--- Problem ---
Exact copies of the lines below, from the one with "14k Yellow OR" up to and including the one with "Zhanmai 12 Pack", are what this calls for; leave out pictures.

--- Dataset entries ---
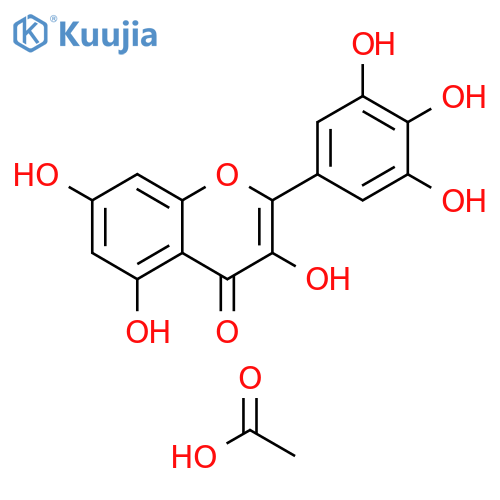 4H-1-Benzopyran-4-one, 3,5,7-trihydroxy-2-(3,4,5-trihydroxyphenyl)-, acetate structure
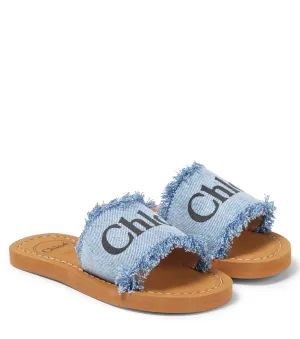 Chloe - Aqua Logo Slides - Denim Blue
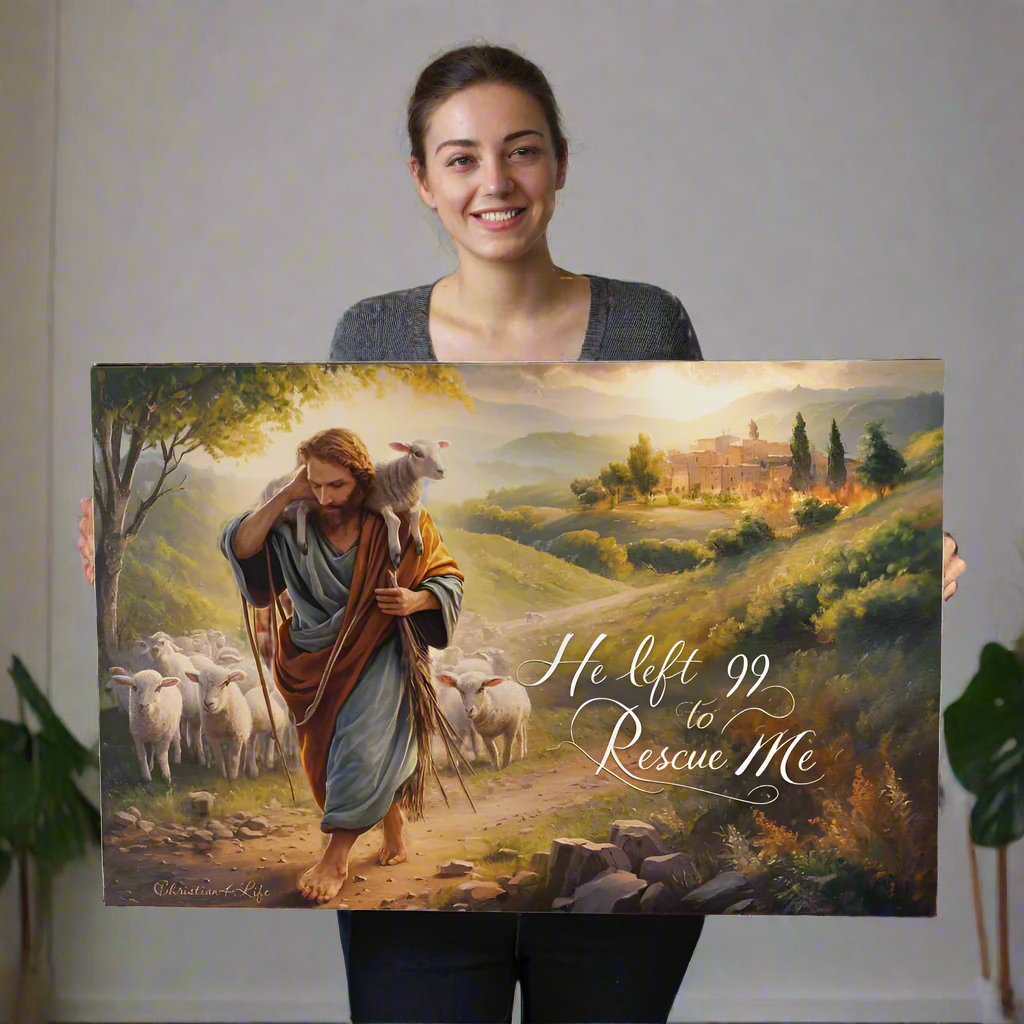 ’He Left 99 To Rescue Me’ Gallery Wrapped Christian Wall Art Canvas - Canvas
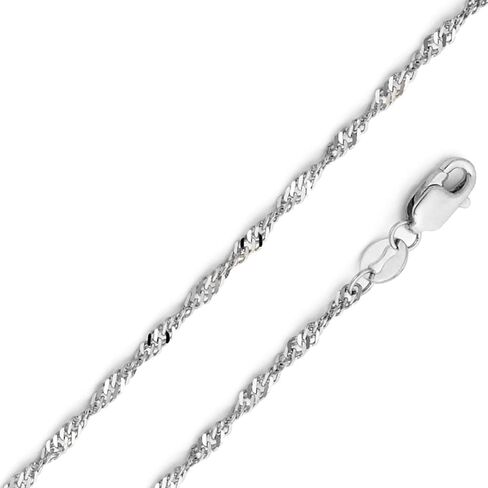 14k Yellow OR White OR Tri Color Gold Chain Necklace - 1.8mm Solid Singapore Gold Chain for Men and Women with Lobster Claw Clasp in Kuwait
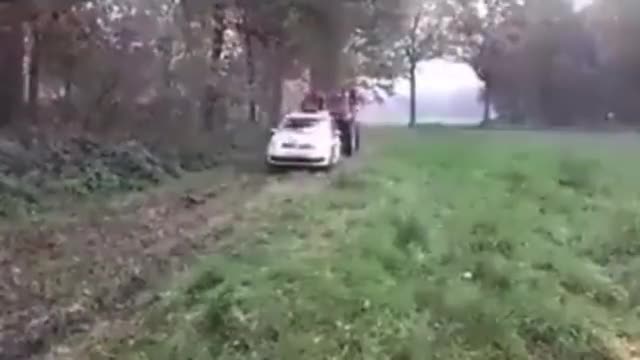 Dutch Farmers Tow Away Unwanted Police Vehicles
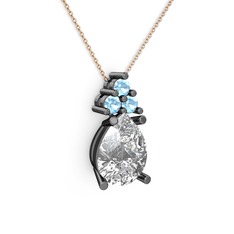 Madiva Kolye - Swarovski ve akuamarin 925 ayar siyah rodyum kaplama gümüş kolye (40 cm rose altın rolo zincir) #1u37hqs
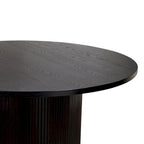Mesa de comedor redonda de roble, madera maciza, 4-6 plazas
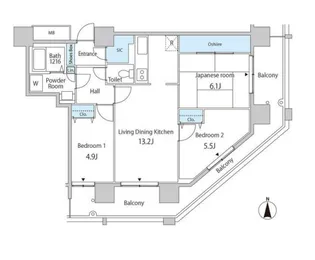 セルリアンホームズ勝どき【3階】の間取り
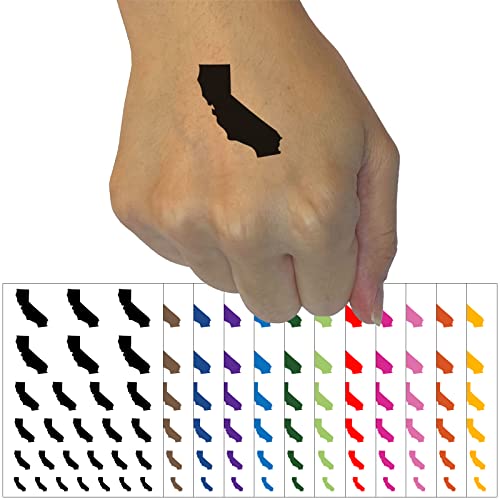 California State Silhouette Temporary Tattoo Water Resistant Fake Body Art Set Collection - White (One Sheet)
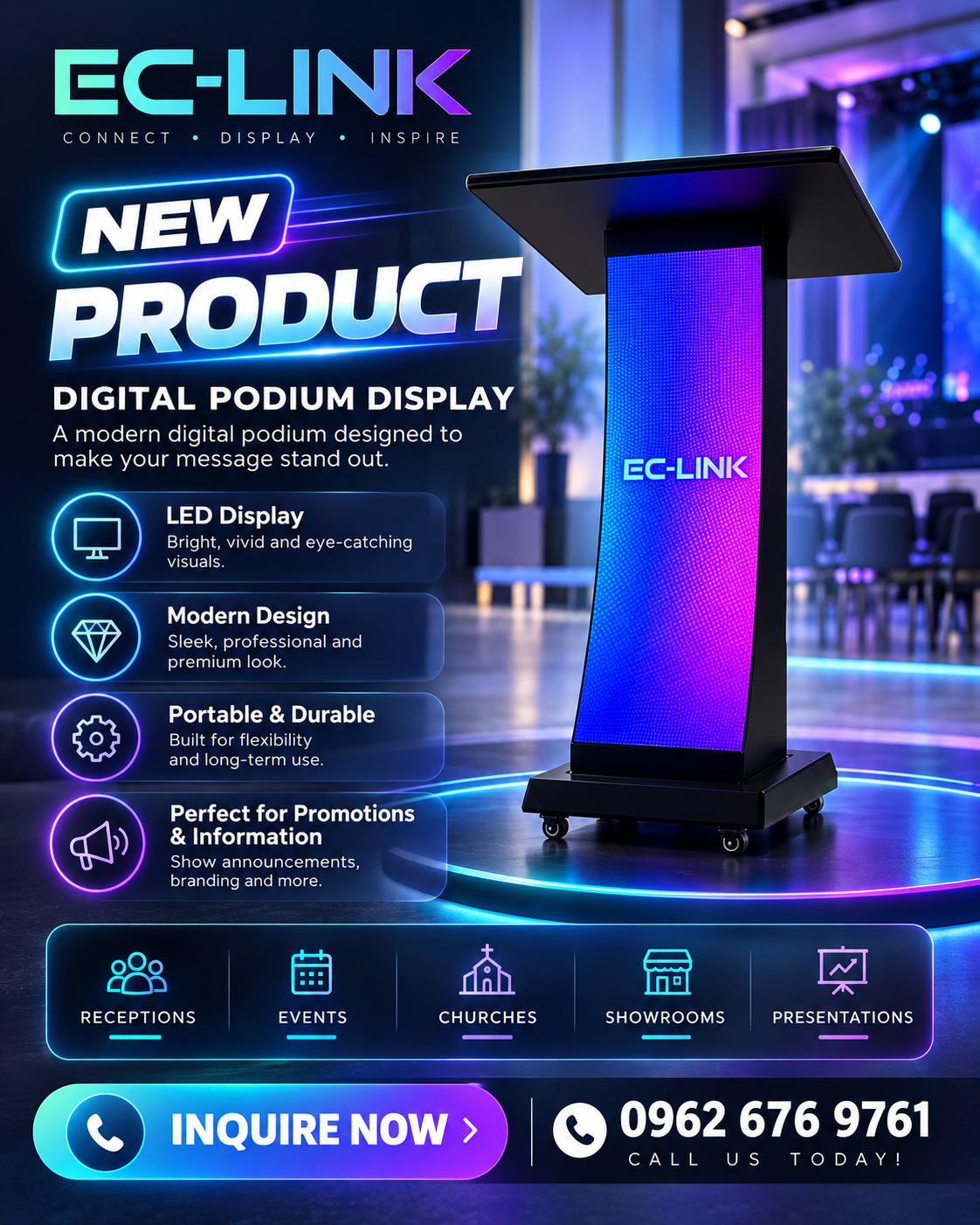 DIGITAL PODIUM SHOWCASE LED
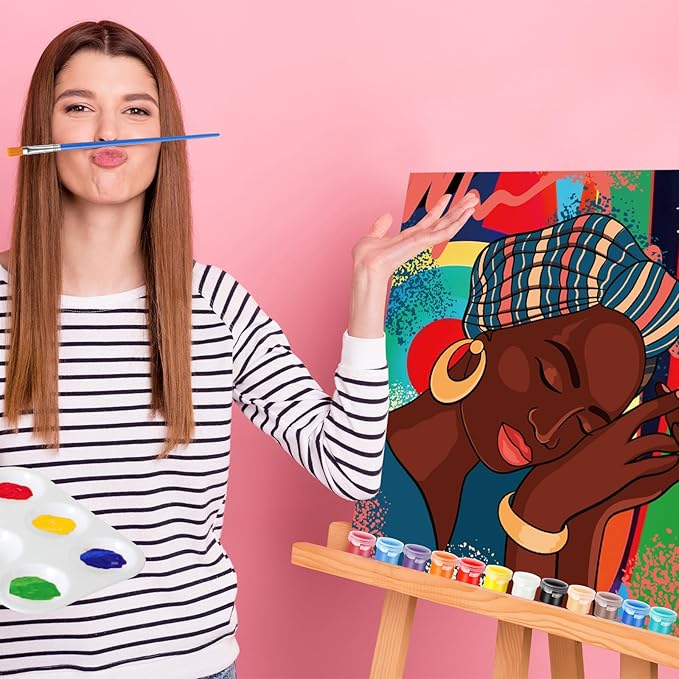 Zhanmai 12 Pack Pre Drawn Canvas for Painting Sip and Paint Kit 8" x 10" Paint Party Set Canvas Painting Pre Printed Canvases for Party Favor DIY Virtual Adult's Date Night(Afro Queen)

==

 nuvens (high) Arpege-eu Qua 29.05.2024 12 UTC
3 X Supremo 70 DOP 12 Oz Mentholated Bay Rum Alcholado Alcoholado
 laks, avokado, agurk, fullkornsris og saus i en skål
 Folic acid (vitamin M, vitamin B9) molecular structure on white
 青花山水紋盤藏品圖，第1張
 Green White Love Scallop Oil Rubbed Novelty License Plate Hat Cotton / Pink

--- Result below ---
 14k Yellow OR White OR Tri Color Gold Chain Necklace - 1.8mm Solid Singapore Gold Chain for Men and Women with Lobster Claw Clasp in Kuwait
 Dutch Farmers Tow Away Unwanted Police Vehicles
 Madiva Kolye - Swarovski ve akuamarin 925 ayar siyah rodyum kaplama gümüş kolye (40 cm rose altın rolo zincir) #1u37hqs
Mesa de comedor redonda de roble, madera maciza, 4-6 plazas
 セルリアンホームズ勝どき【3階】の間取り
 California State Silhouette Temporary Tattoo Water Resistant Fake Body Art Set Collection - White (One Sheet)
 DIGITAL PODIUM SHOWCASE LED
 Zhanmai 12 Pack Pre Drawn Canvas for Painting Sip and Paint Kit 8" x 10" Paint Party Set Canvas Painting Pre Printed Canvases for Party Favor DIY Virtual Adult's Date Night(Afro Queen)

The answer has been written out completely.